● Available records:
++++++++

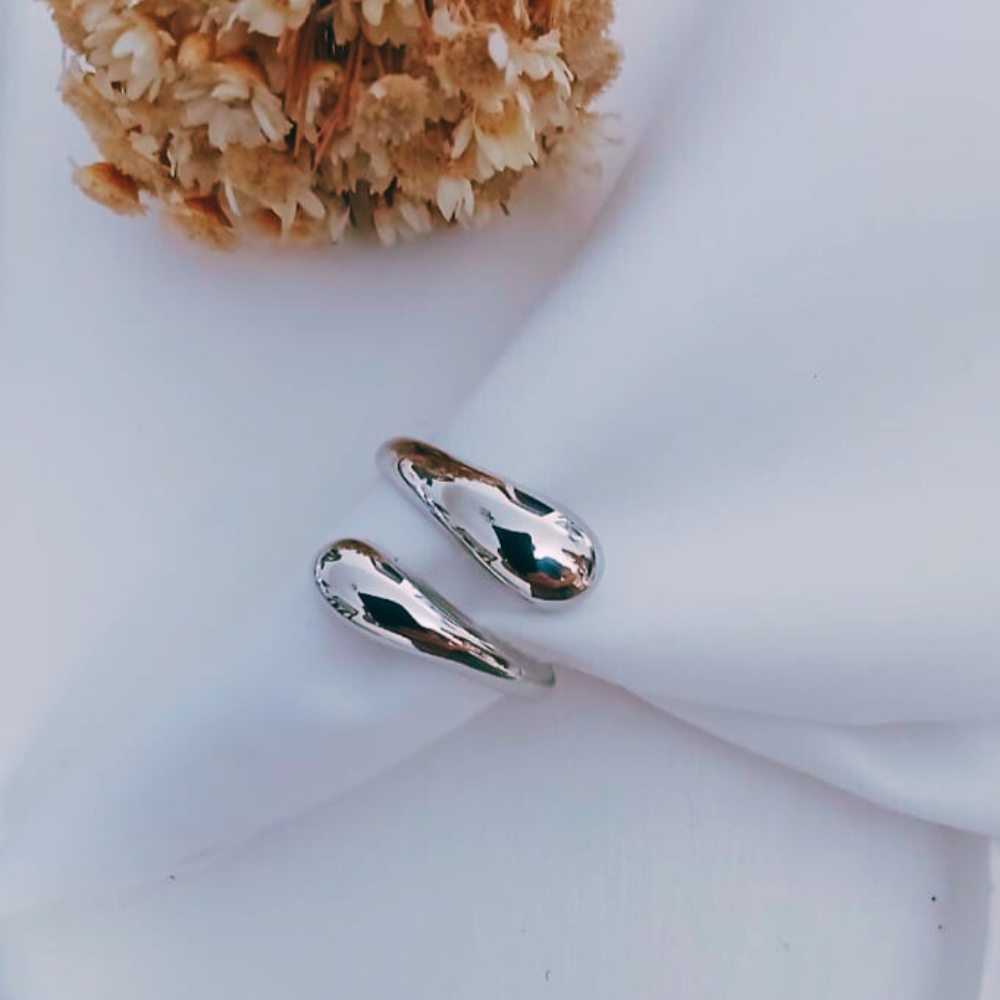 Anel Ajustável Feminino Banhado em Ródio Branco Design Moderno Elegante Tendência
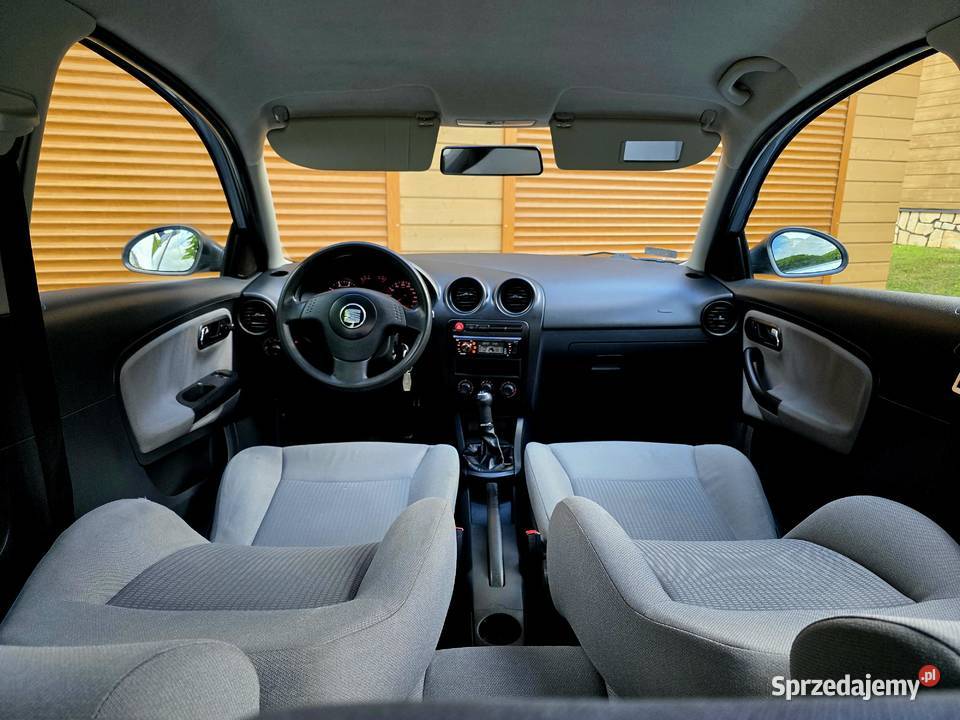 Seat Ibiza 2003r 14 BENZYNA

++++++++

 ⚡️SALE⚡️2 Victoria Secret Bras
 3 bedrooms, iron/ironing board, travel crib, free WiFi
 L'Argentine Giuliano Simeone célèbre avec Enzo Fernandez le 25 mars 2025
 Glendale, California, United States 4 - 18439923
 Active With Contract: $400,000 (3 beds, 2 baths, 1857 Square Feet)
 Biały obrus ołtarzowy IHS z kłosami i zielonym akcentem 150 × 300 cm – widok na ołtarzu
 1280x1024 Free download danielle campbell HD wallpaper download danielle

++++++++

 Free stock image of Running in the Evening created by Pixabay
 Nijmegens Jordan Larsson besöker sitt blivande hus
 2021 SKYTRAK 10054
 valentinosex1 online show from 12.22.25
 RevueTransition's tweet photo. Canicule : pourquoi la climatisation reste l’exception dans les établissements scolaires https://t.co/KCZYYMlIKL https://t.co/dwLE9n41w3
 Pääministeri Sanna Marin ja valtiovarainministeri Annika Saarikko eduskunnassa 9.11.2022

++++++++

● What the exercise asks: The range runs from the line with "2021 SKYTRAK 10054" up to and including the line with "Pääministeri Sanna Marin" in the listing above; please write out exactly those lines and nothing more.

● Output below:
 2021 SKYTRAK 10054
 valentinosex1 online show from 12.22.25
 RevueTransition's tweet photo. Canicule : pourquoi la climatisation reste l’exception dans les établissements scolaires https://t.co/KCZYYMlIKL https://t.co/dwLE9n41w3
 Pääministeri Sanna Marin ja valtiovarainministeri Annika Saarikko eduskunnassa 9.11.2022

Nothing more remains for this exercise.